Electrostatic Transducers (ESTs) are increasingly being utilized in various applications such as adhesive films, sensors, actuators, and energy generators. They operate based on electrostatic interaction within a dielectric medium and are advantageous due to high efficiency, low manufacturing cost, and low energy consumption. However, the need for high electric fields has posed material challenges that limit their development. Advances in manufacturing and novel dielectric materials, specifically Electro-active polymers (EAPs) are enabling progress in this technology. This thesis focuses on enhancing ESTs by exploring new designs, material selection, and manufacturing methods.

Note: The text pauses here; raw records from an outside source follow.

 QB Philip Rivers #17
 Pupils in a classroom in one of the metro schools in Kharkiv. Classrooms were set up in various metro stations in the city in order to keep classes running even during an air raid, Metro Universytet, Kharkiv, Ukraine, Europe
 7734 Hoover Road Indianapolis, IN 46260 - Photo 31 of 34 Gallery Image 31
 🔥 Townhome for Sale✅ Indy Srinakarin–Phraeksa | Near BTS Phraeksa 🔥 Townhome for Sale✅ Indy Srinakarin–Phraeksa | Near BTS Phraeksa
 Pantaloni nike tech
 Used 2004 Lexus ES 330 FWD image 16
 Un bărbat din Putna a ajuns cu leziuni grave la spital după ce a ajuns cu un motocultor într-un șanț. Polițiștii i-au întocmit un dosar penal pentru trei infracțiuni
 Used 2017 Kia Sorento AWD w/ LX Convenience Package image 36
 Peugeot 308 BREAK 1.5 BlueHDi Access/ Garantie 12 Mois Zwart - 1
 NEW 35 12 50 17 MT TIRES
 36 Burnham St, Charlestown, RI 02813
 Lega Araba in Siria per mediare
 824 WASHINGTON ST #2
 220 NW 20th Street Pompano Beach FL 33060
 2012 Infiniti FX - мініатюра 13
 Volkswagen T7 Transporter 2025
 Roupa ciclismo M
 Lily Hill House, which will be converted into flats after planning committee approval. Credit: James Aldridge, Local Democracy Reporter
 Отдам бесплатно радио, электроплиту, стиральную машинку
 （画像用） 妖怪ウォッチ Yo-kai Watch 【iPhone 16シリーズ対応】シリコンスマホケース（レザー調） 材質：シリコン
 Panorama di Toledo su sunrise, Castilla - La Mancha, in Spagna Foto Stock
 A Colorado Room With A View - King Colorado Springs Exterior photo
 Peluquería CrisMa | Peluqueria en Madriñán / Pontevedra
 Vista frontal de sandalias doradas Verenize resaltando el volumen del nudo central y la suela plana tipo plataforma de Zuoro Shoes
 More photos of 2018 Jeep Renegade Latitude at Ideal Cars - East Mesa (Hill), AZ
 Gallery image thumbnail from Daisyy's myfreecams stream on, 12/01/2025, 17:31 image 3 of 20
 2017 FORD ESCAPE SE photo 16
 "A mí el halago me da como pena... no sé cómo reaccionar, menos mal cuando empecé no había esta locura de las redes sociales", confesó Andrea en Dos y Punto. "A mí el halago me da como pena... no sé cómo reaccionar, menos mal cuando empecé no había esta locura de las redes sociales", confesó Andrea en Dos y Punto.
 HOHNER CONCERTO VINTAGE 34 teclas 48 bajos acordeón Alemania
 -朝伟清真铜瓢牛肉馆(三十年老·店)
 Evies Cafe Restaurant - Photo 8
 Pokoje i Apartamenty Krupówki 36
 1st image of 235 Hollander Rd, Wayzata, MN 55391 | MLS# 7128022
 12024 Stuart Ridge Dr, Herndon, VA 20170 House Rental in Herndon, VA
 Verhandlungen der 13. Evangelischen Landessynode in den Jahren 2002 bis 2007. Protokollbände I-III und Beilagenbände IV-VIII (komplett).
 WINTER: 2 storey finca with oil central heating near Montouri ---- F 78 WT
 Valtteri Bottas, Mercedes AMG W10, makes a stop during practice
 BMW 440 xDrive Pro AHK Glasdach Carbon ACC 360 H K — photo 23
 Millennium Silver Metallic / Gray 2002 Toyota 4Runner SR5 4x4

An Electro-Adhesive Device (EAD) is introduced for gripper applications, capable of generating a pressure of 12kPa at an activation voltage of 9kV on a paper substrate. The EAD is tested on a DELTA robot to validate its practical application. The study also examines electrostatic sensors (ESSs), comparing parallel and interdigitated electrode configurations for capacitive bending sensors. Dielectric elastomer-based goniometer sensors (GDES) for human joint angle measurement and proximity bumper sensors for human-robot collision prevention are introduced. Performance metrics are empirically validated. An electric generator utilizing dielectric elastomers (DEG) is proposed for ocean wave energy harvesting. It features spray-coated, silicone-based electrodes and insulators and is characterized through wave-simulator and laboratory tests. The DEG shows energy conversion efficiencies exceeding 90% at 5kV and 75% at 15kV. Lastly, a linear Electrostatic Motor (ESM) is developed, featuring two passive slider configurations based on dielectric (DPS) and conductive (CPS) materials. Simulation and empirical tests demonstrate that the CPS configuration produces a consistent output force of 0.24N at a 2kV sine wave amplitude, and excellent speed tracking up to 36mm/s. Summarily, this thesis contributes to the field of ESTs by addressing several of the existing challenges, with a focus on device design, simulation, material selection, manufacturing processes, and test, paving the way for broader industrial applications.